• Exercise requirements
Return, exactly and with nothing added, the line with "Mercedes-Benz E-Класс, 2018" together with all lines after it through the end of the data below. No pictures belong in the copy.

• Dataset excerpt

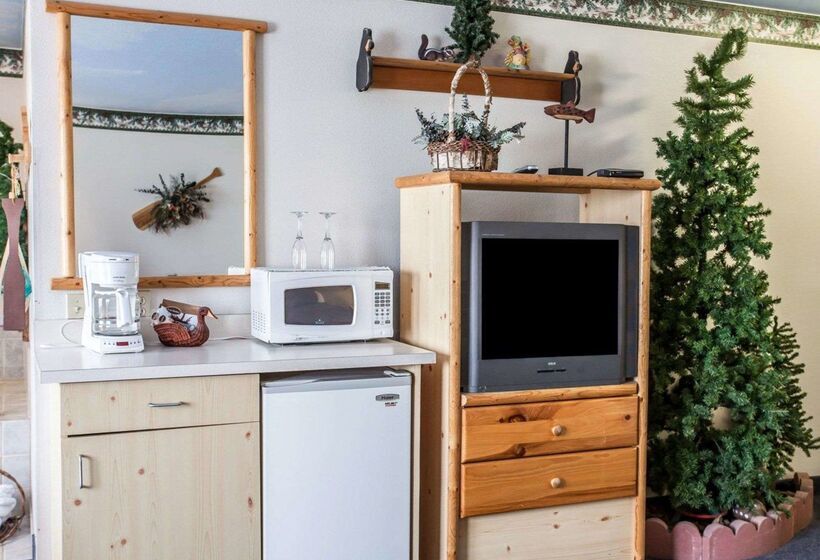 هتل Rodeway Inn & Suites Spokane Valley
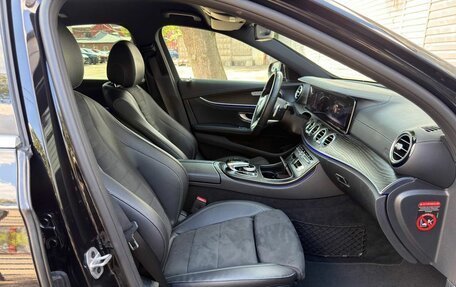 Mercedes-Benz E-Класс, 2018 год, 3 184 000 рублей, 22 фотография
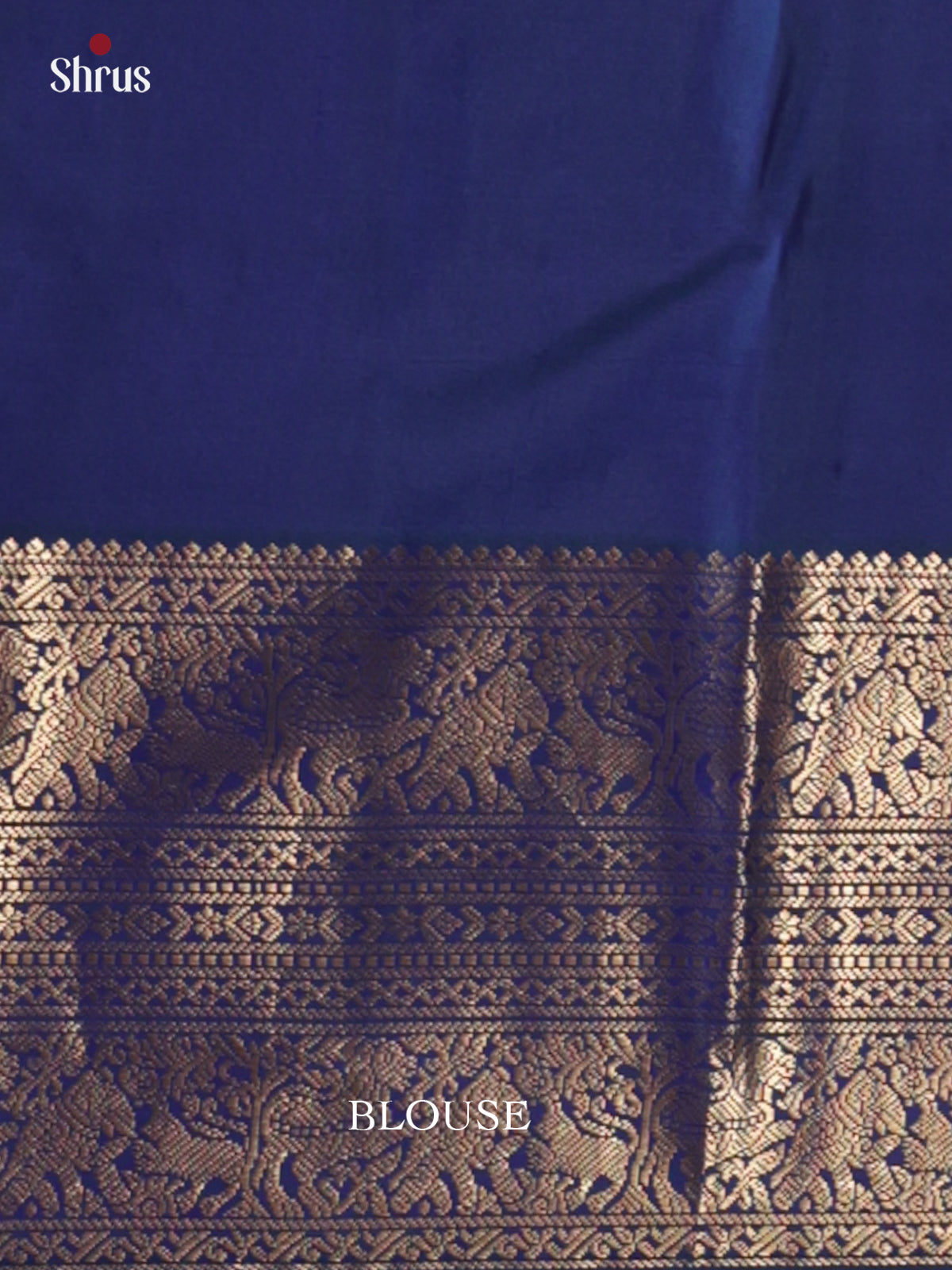 Timeless Peach Kanjivaram Saree With Navy Blue Zari Border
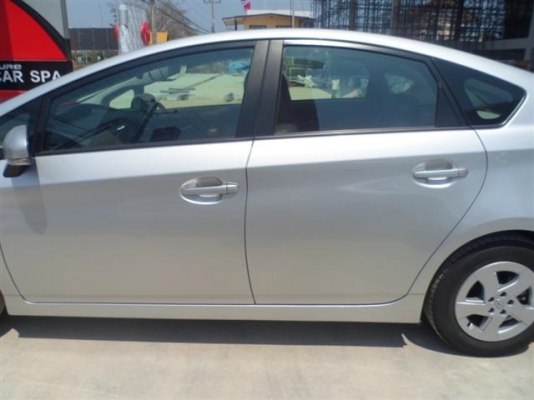 TOYOTA PRIUS 1.8 TOP OPTION สวยกริ๊บ ผิวพรรณดี หน้าหลังเดิมทั้งลำ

• Written response
 Mercedes-Benz E-Класс, 2018 год, 3 184 000 рублей, 22 фотография
 Timeless Peach Kanjivaram Saree With Navy Blue Zari Border
 TOYOTA PRIUS 1.8 TOP OPTION สวยกริ๊บ ผิวพรรณดี หน้าหลังเดิมทั้งลำ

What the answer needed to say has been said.